The above title comes from this.
Two years ago, a Lemonheads show in Salt Lake City was to be my bachelor party. A far cry from a more "traditional" event, my gathering would've featured nary a stripper, line of cocaine, pornography, or farm animal. We were to meet downtown for steaks, see the concert at Liquid Joe's, and be home snug in bed by 1 AM.
But, according to both the whims and constraints of the frequently not-unironic narrative that the relationship had become, the concert was on a Sunday night, a place of the weekly calender in which only the utmost of reverent idleness is sufficient glorification of the divine. No family meals out, no basking in the warm glow of a beautiful symphony, no wholesome entertainment at the local theater surrounded by friends and loved ones, and good heavens, of course not some confounded rock-and-roll show at not only a paid venue, but--the Greatest of Gasps--a place that served alcoholic beverages.
I had learned the hard way to pick my battles. She let me choose a suit instead of a tux ("I'm not a secret agent or a penguin") and allotted for a post-wedding, pre-reception fast food meal ("Not an ounce of the food there is for us and low blood sugar makes me cranky"), but my interest in the return address on the wedding announcements--our marital home-to-be, rather than her parents' house--was the first of many headbutts. I found myself being told ever so frequently by more than one source that I was so rarely in the right, how I should acquiesce to the demanding machinations of a disingenuous authority, that a desire for my independence--our independence--were sinful and ungodly, and, eventually, that I was indeed a literal agent of an evil entity, my influence a tempting trial to be weathered, as everything else in her life, with submission.
So I stayed home that Sunday night, sipping at Cherry Vanilla Dr. Pepper in the home that should've been ours and sleeping in the bed that so often was. And yet somehow, in my cowardly acknowledgment of a hierarchy--hierarchies--that had no bearing on either the secular or the sacred, a Stockholm Syndrome-laden dynamic more familiar to Patty Hearst than to St. Paul, I had become precisely what I had rallied so strongly against behind closed doors that were no longer respected by those who most passionately declared their importance.
I shut down for a while. Maybe still haven't quite "turned back on," to use a phrase so robotic and distant as to be uncomfortably fitting. Subsequent battles for self-respect were destined to fail and did so in spectacular fashion.
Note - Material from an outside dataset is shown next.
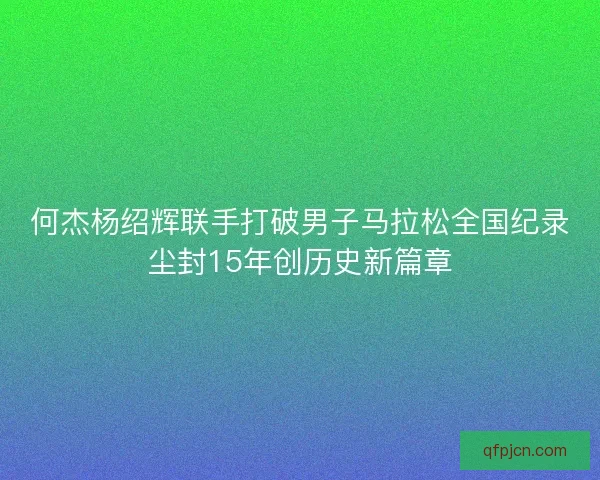 何杰杨绍辉联手打破男子马拉松全国纪录尘封15年创历史新篇章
This morning at work, having just returned from a life-changing weekend in New Mexico, the aptly named Land of Enchantment, I remembered that The Lemonheads were, these years later, playing in Denver, a mere hour's drive from my new(ish) Colorado Springs home. I debated the merits of attendance:
- Save $25 in ticket price
- Save ~$20 in round-trip gas
- Save $5 on what would amount to a shot of watery draft beer
- Be at work, bright-eyed/bushy-tailed come morning
- Clean my apartment
- Prepare a nice, nutritious dinner
- Read some more of that book that's been so compel--
"Bullshit," I said. "I'm gonna go see the Lemonheads."
And oddly enough, more than once, I thought to myself:
"I bet she would've liked the show."
"I bet she would've liked the show."
I'm sure I'll write more about this soon, likely disguised through being shoehorned into some kind of narrative fiction, as that's the only way to process how close Evan Dando's voice made me feel to a true and beautiful god when he sang:
"To be filled with hatred/for the time I've wasted
and I'm so impatient/for a new sensation
God knows what I thought I'd do/I bit my own sweet heart in two.
And all my life/I thought I needed all the things
I didn't need at all."
V, wherever you are, I hope you're sleeping poorly and dreaming of what you worked so hard to keep from the world. And J, wherever you are, I hope you're listening to the West Side Story soundtrack and thinking of somewhere else.